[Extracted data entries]
--- --- ---

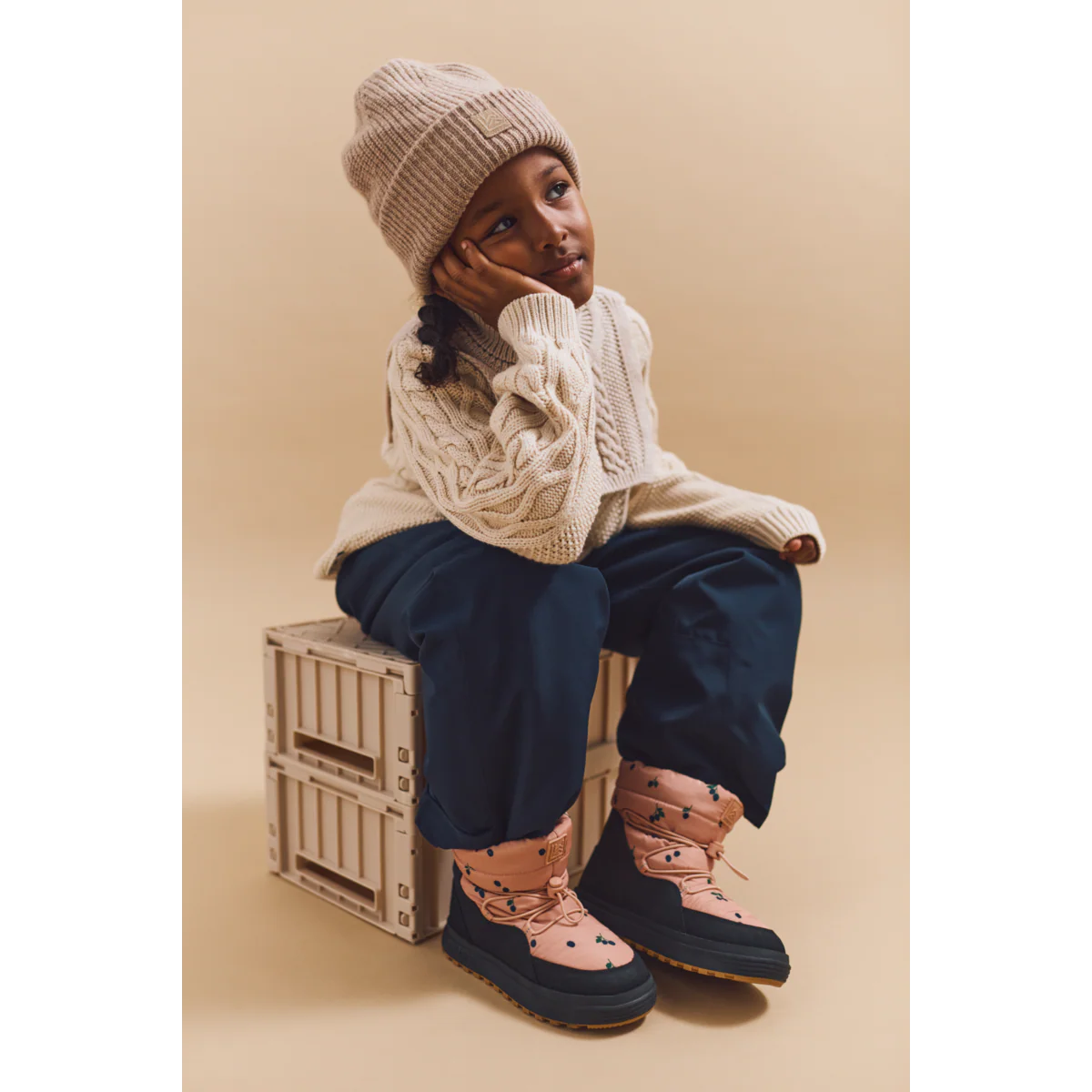 EMILIO Beanie - Oat - Image 3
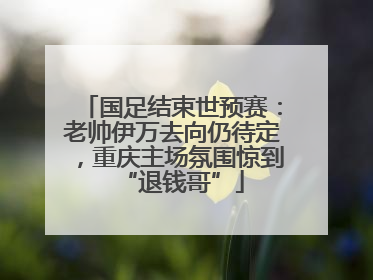 国足结束世预赛：老帅伊万去向仍待定，重庆主场氛围惊到“退钱哥”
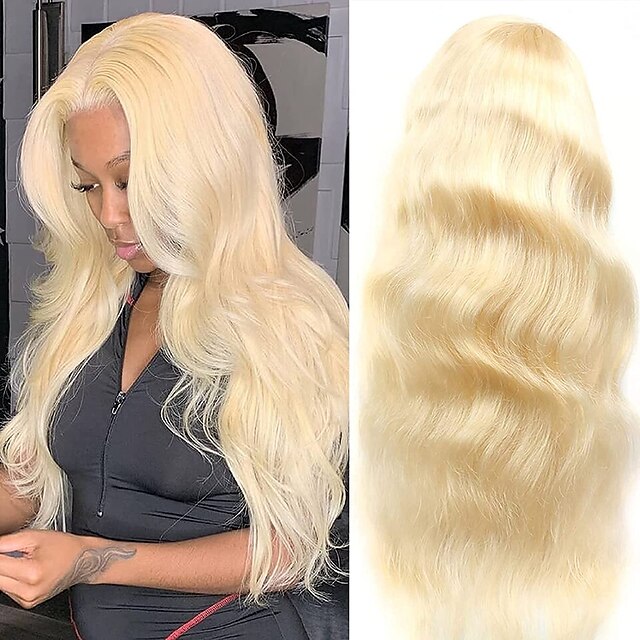 150% 180% 13x4 Lace Blonde Lace Front Wigs Human Hair 613 Body Wave Wig Closure Human Hair Wigs for Black Women Pre Plucked with Baby Hair Brazilian Virgin Hair
150% 180% 13x4 Lace Blonde Lace Front Wigs Human Hair 613 Body Wave Wig Closure Human Hair Wigs for Black Women Pre Plucked with Baby Hair Brazilian Virgin Hair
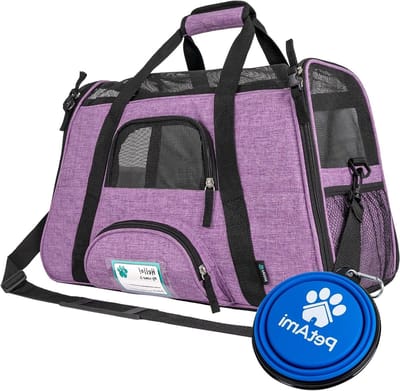 Huisdierdrager Kat Hond - Draagtas Huisdier - Reizen Huisdier - Luchtvaart Goedgekeurd - 18 Lbs Gewicht - Paars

--- --- ---

DIRECTIONS FOR THIS TASK
All of the data must be repeated exactly, except for the pictures.

RESPONSE TO THIS EXERCISE
 EMILIO Beanie - Oat - Image 3
 国足结束世预赛：老帅伊万去向仍待定，重庆主场氛围惊到“退钱哥”
 150% 180% 13x4 Lace Blonde Lace Front Wigs Human Hair 613 Body Wave Wig Closure Human Hair Wigs for Black Women Pre Plucked with Baby Hair Brazilian Virgin Hair
150% 180% 13x4 Lace Blonde Lace Front Wigs Human Hair 613 Body Wave Wig Closure Human Hair Wigs for Black Women Pre Plucked with Baby Hair Brazilian Virgin Hair
 Huisdierdrager Kat Hond - Draagtas Huisdier - Reizen Huisdier - Luchtvaart Goedgekeurd - 18 Lbs Gewicht - Paars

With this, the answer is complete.